On Wednesday April 26, New York lawmakers and consumer advocates called for legislation to end auto insurance pricing discrimination.
According to a report released by the Consumer Federation of America, New York drivers pay substantial insurance premium penalties if they have fair or poor credit scores. Bill A.00843, introduced by Assembly Majority Leader Crystal Peoples-Stakes D-Buffalo, prohibits auto insurers from discrimination on the basis of socioeconomic factors in determining algorithms used to construct actuarial tables, coverage terms, premiums or rates.
CFA’s Director of Insurance Douglas Heller says that New Yorkers with poor credit are charged almost three times as much for auto insurance as residents with excellent credit, even if they have the same driving history. “State law requires every driver to buy auto insurance, so the Legislature and governor have a special obligation to ensure that pricing is fair and reasonable and they should take action to address the unfairness of credit-based premium hikes for good drivers.”
The report also revealed that average premiums are already much higher in New York’s communities of color due to the ZIP code pricing that auto insurance companies use.

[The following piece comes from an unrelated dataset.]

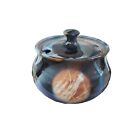 Vtg Kairi Pottery Harvest Moon Sugar Bowl & Lid Australian Handmade Glazed Sign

“Using socioeconomic and non-driving factors that are not inherently related to a person’s ability to operate a car safely forces good drivers who are of lower socioeconomic status to pay more for our state’s obligatory auto insurance,” said Assembly Majority Leader Crystal Peoples-Stokes. “I am deeply concerned that the use of credit history is having a highly negative impact on low and moderate income drivers, especially Black and Latino drivers who live in neighborhoods where auto insurance is already very expensive.”
New York law currently allows insurance companies to incorporate consumer credit history into insurance pricing, it prohibits insurers from unfairly discriminating against any customer. Back in 2017, the New York Department of Financial Services adopted rules which were known as the “Green Light Law.” This was aimed at preventing unfair discrimination by insurers that sought to vary auto insurance premiums based on drivers’ level of education or their occupation.
“Auto insurance is already extremely costly in many low and moderate income neighborhoods and communities of color, and the use of credit scoring is making it worse,” said David R. Jones, president and CEO of the Community Service Society. “We strongly support bill A.00843 which will ban the use of credit history and other socioeconomic factors like gender and housing status for auto insurance pricing.”